Opinions of Saturday, 19 November 2016
Columnist: Okoampa-Ahoofe, Kwame
Americans have a saying that runs as follows: “Be careful what you wish for; or you shall get it.”
Nana Obiri-Boahen’s angry call on President John Dramani Mahama to expedite the implementation of the death penalty is scandalously simplistic and grossly misplaced. And if I were Nana Akufo-Addo, the 2016 presidential candidate of the main opposition New Patriotic Party (NPP), under whose John Agyekum-Kufuor-led governance Nana Obiri-Boahen served as a junior cabinet appointee, I would think twice before deciding to appoint this evidently unsavorily impulsive man to any position of great or major responsibility.
Definitely not to the very sensitive portfolios of Minister of the Interior, Justice or Defense. For a trained lawyer, Mr. Obiri-Boahen’s reaction to the alleged jailbreak attempt by Mr. Johnson Kombian, the notorious criminal convict, leaves much to be desired (See “President Should Implement Death Penalty – Obiri-Boahen” 3News.com / Ghanaweb.com 11/10/16).
Mr. Kombian, who is currently being held at the Nsawam Medium-Security Prison, was sentenced to death by hanging in August last year for murdering two police officers in the northern regional town of Nakpanduri.
Either I did not sedulously follow the preceding admittedly heinous event or the hectic duty of writing and publishing virtually on a daily basis, about momentous events in the country, has caused me to so soon forget about the Kombian Affair, as it were. I am, however, very familiar with the name of Mr. Kombian.
The exact details of the catalog or chain events leading to Mr. Kombian’s crime are also not clear to me; not that such knowledge would in any way extenuate the decidedly repulsive and hideous nature of the crime. What I strongly believe we ought to be looking at, however, are the exact set of circumstances under which such horrendous crimes are committed and also the relative frequency with which they are committed. And then, of course, we can begin to seriously deliberate over the most appropriate statutory response to such crimes.
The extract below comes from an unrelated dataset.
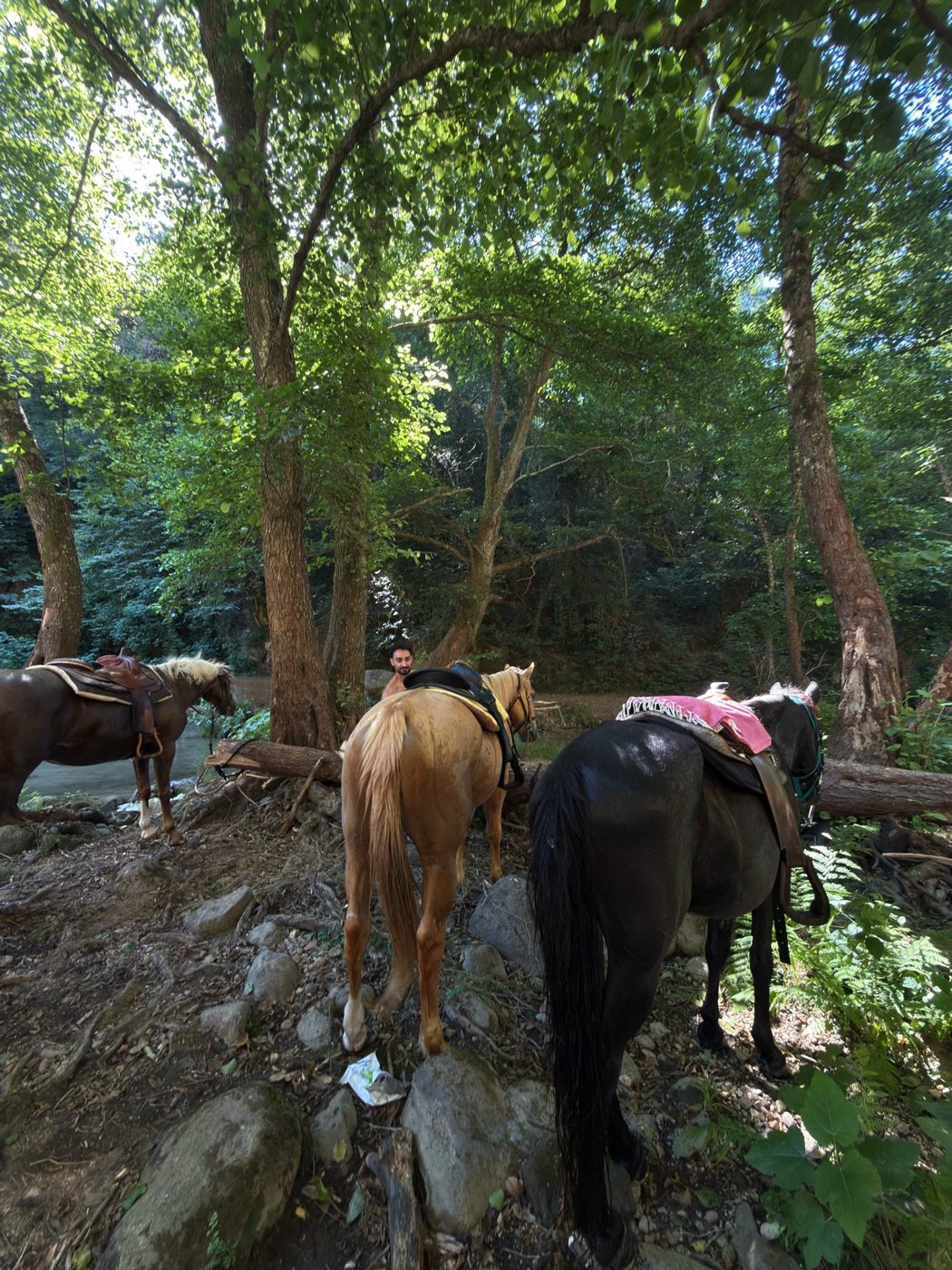 Cavaliere al lavoro con la mandria al pascolo — foto 3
As well, the fact of whether, indeed, the punishment is congruent or commensurate with the crime may also need to be critically examined. I predicate the latter aspect of my argument on the fact that punitive measures, such as that which was reportedly imposed on Mr. Kombian, are intended to serve as a deterrent to both the subject of such punishment and society at large.
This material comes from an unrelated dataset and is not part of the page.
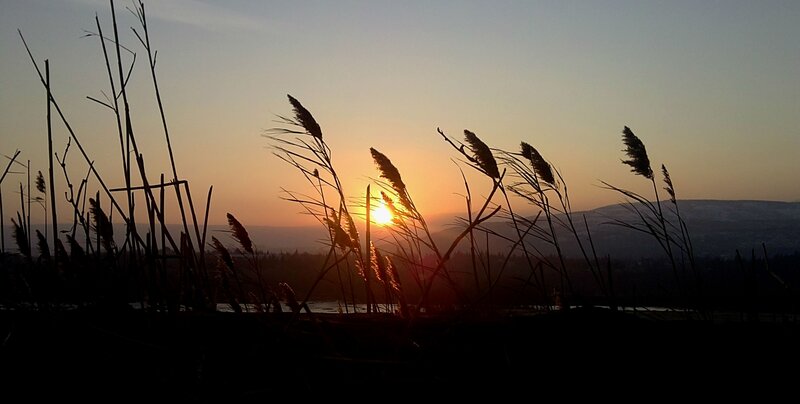 Sunset over reeds silhouette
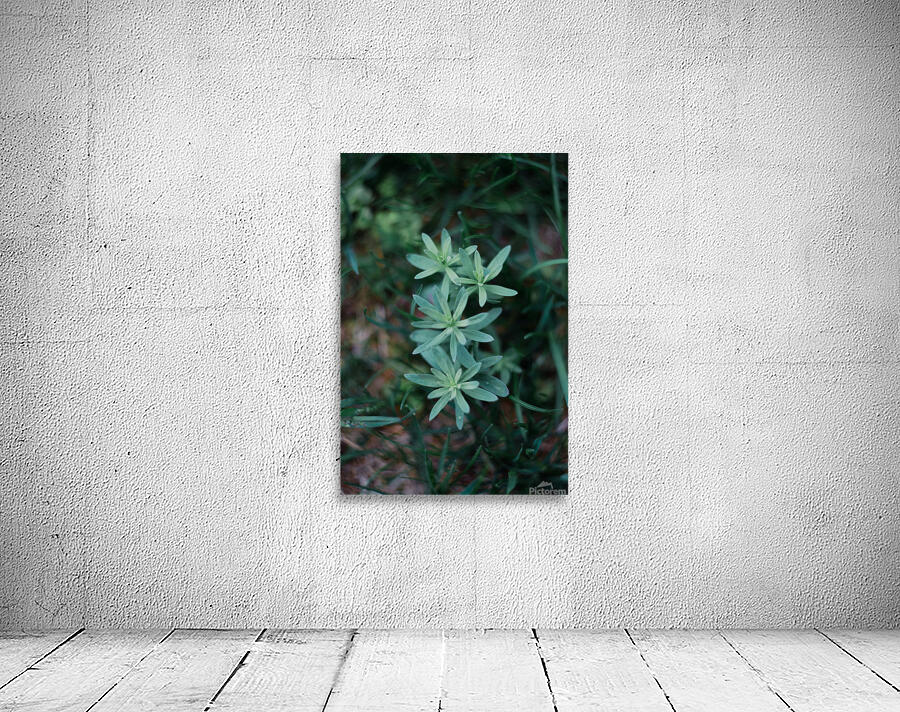 Flowers closeup 15 Wall Preview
Now, we don’t know why all the four presidents the country has had under its Fourth-Republican dispensation, including the swashbuckling and bloodthirsty and pathologically vindictive Chairman Jerry John Rawlings, have each and every one of them flatly refused to implement the death penalty. But what I know for a fact, both through personal experience and studious observation, is that both the legal and judicial systems are not foolproof. And this observation is being made irrespective of the level of development of the country in which the emotionally loaded subject of crime and punishment is being discussed.
Here in the United States, for example, presidents and governors who have been either slow or downright reluctant to apply the death penalty have almost invariably done so with significant regard, or attention, to the fact that crime and punishment tend to be highly racialized.
In other words, the race and/or ethnicity of the criminal suspect often tends to play a major role in decisions pertaining to both the length and the severity of sentencing. For instance, African-American and Hispanic or Latino criminal suspects convicted of murder are several times more likely to be meted the death penalty than suspects officially classified as “Ethnic Whites” or European-Americans. And I reasonably suspect that while it may not be very obvious, especially to members of Ghana’s ethnic majority populace, nevertheless, the frequency of who gets the death penalty imposed on them may very well be ethnically and culturally tinged. Equally significant is the need to factor into the equation the identity, ethnicity and class background of the alleged victims of such heinous crimes.
What I clearly see in the Kombian jailbreak attempt is the glaring fact that rather than house this extremely dangerous criminal convict in a “Medium-Security Prison,” Mr. Kombian ought to have been incarcerated in a “Maximum-Security Prison.” If Ghana does not yet have a maximum-security prison facility, then this is what professionally trained lawyers like Nana Obiri-Boahen ought to be advocating, and not the knee-jerk and infantile ideology of tit-for-tat.
Indeed, were he studiously observant, Nana Obiri-Boahen would since long have come to the morally edifying and practically constructive conclusion that the bloody revolutions undertaken by Chairman Rawlings have not made National Democratic Congress’ politicians and that party’s machine operatives any remarkably less corrupt than their counterparts of the main opposition New Patriotic Party.
Indeed, a credible case could even be made that the NDC operatives are today more thoroughgoing corrupt than the average Ghanaian politician, precisely because of Mr. Rawlings’ bloody revolutionary bouts.
This very traumatic fact ought to inform the likes of Nana Obiri-Boahen that the implementation of the death penalty may actually cause a phenomenal tide in the rate or frequency of murders in the country. There is also no credible evidence indicating that the spate of murders in the country is any higher or lower today than it was during the Rawlings Revolution. It may actually be much lower today, if one stops to think about it.